People today that are quick to condemn Assange for leaking "secrets" should remember the lesson of the Pentagon Papers. I think that lesson can be summed up as, "Governments lie."
Has anyone ever heard of someone being forcibly extradited for mere questioning, without even being charged in a crime?
Something is clearly fishy in the way governments like Britain and the US are treating Assange. If they have the goods on him, for either espionage or rape, then indict him and put him on trial. But that's not happening. Instead, it looks like the US and British governments want to leak accusations about Assange and try him in the court of public opinion. They want him to be labeled as a spy and traitor, without having to face the public themselves with specific charges.
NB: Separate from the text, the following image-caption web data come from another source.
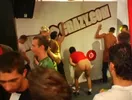 Partouze en boite gay (GuysGoCrazy)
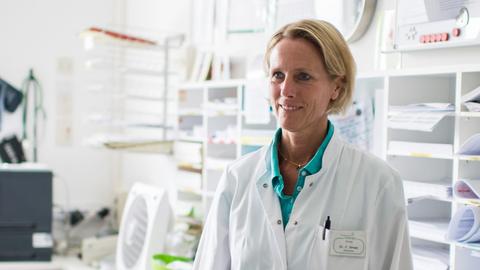 Die Chirurgin Cornelia Strunz ist die ärztliche Koordinatorin des "Desert Flower Center", einer Einrichtung im Krankenhaus Waldfriede in Berlin, die Frauen mit verstümmelten Genitalien chirurgisch und psychologisch versorgt.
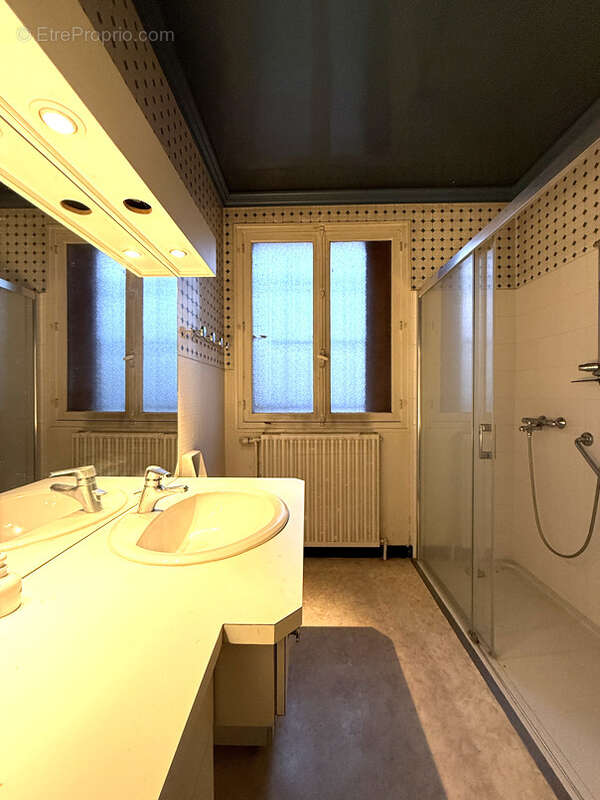 Maison à VERNOUILLET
And what did Assange do that was wrong? I saw the Apache helicopter video that he released. It is an outrage. I challenge anyone who thinks that Assange is a spy to view that video and tell me that they are proud of the US actions and think that this needs to be kept secret. The Iraqis know exactly what's happening. So do our soldiers over there. The reason the government wanted this to remain secret is only to keep the American public from seeing it. It could turn public opinion against the war.
By the way, leaking secrets is only a crime if you are sworn to keep them, like a military officer or a military contractor. It is not illegal at all for reporters to leak secret material. It happens all the time! The only difference is that most of the time, the secrets are leaked by the government in order to influence public opinion in a way favorable to the government. How many times do you read in the New York Times, "The US Government is engaged in [some secret activity], according to anonymous officials" or some such thing?
The government only seems to have a problem with Assange because he leaked secrets that show how awful the war is in Iraq and they don't want the American public to know.
In the end, this guy is a coward who doesn't have the courage of his own convictions. Principles? He has none.
He is just another rat who got called out and is now scurrying for cover.